Bislang sieht es nicht danach aus, als ob geeignete Vorbereitungen für Klassenzimmer getroffen werden, damit die Infektionszahlen im neuen Schuljahr nicht steigen. Dabei ist der Nutzen von entsprechenden Luftfiltern (zusätzlich zu anderen Maßnahmen) aerosolwissenschaftlich mittlerweile unbestritten. Auch eine Umstellung der Teststrategie wäre sinnvoll: Weg von den ungenauen Nasen-Antigen-Schnelltests hin zu Gurgel- oder Lolli-PCR-Pooltests, die klassenweise viel genauer und früher Infektionen anzeigen und damit Infektionsketten unterbrechen können.

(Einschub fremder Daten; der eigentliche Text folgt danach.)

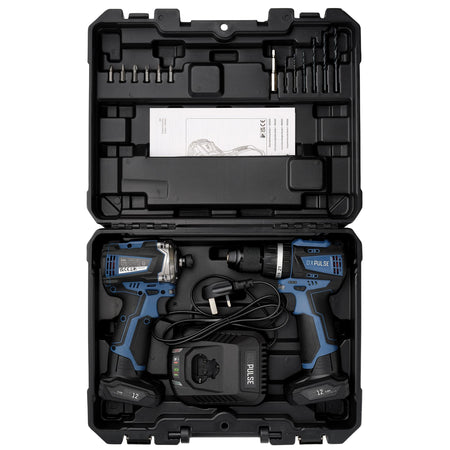 DXPULSE 12V Brushless Combi Drill & Impact Driver Kit, 1/4" Sq. Dr., 2 x 4.0Ah Batteries, 1 x Fast Charger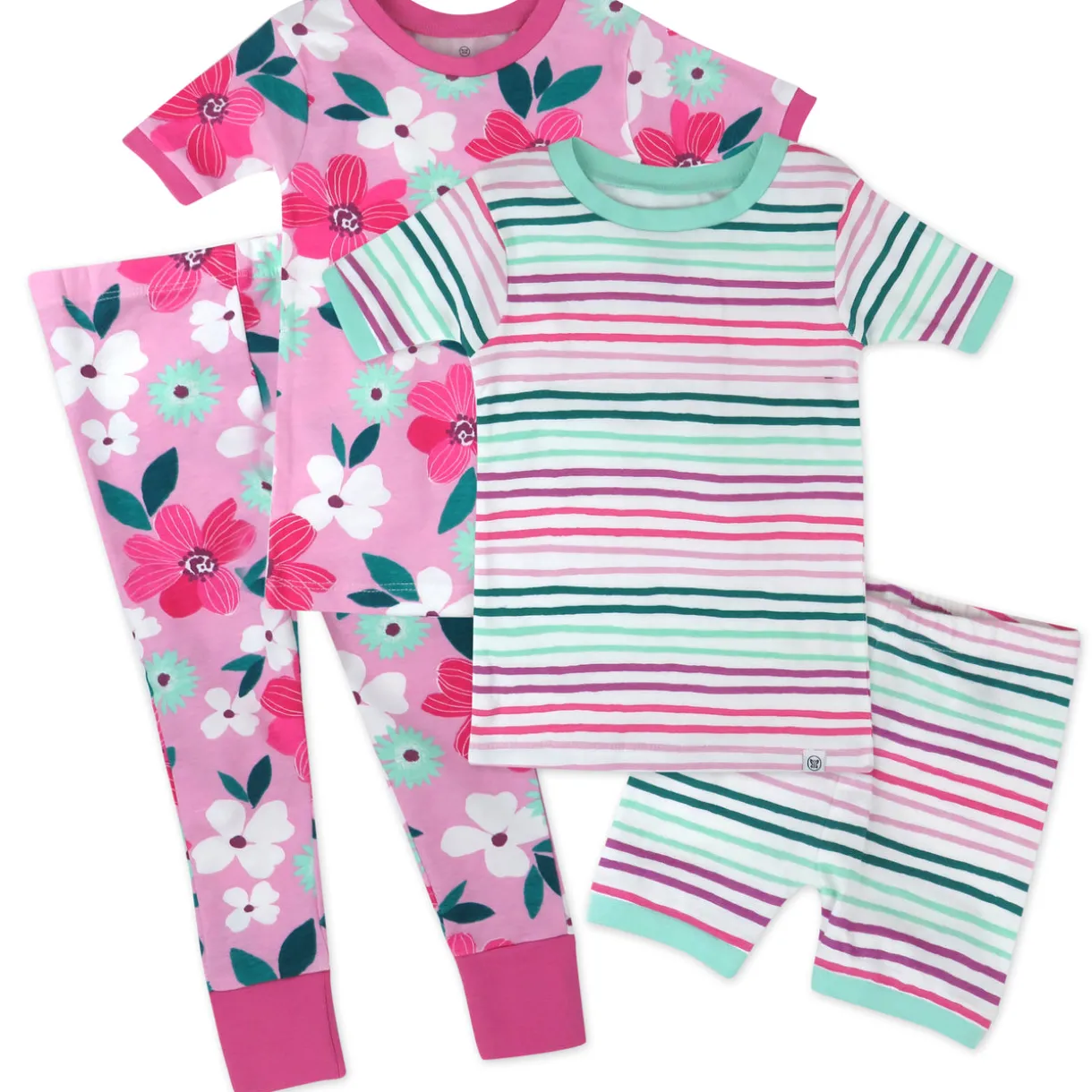 4-Piece Short Sleeve, Short and Long Leg PJ Set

Leider steht zu befürchten, dass die Politik diesen Herbst Schulen auch ohne geeignete und erweiterte Schutzmaßnahmen offenhalten möchte. Noch-Bundeswirtschaftsminister Altmaier hat ja bereits angekündigt, dass erneute Schließungen unbedingt vermieden werden sollen. Die Kinder haben nur nichts davon, wenn Schulen offen bleiben und es mangels geeigneter Schutzmaßnahmen ständig Infektionen gibt, bei denen dann die ganze Klasse in Quarantäne muss. Deshalb verlangen wir Eltern ja auch sichere Bildung! Sicher – mit Schutz vor Infektionen, aber auch sicher, dass die Kinder etwas lernen. Wir können uns kein drittes verlorenes Schuljahr leisten!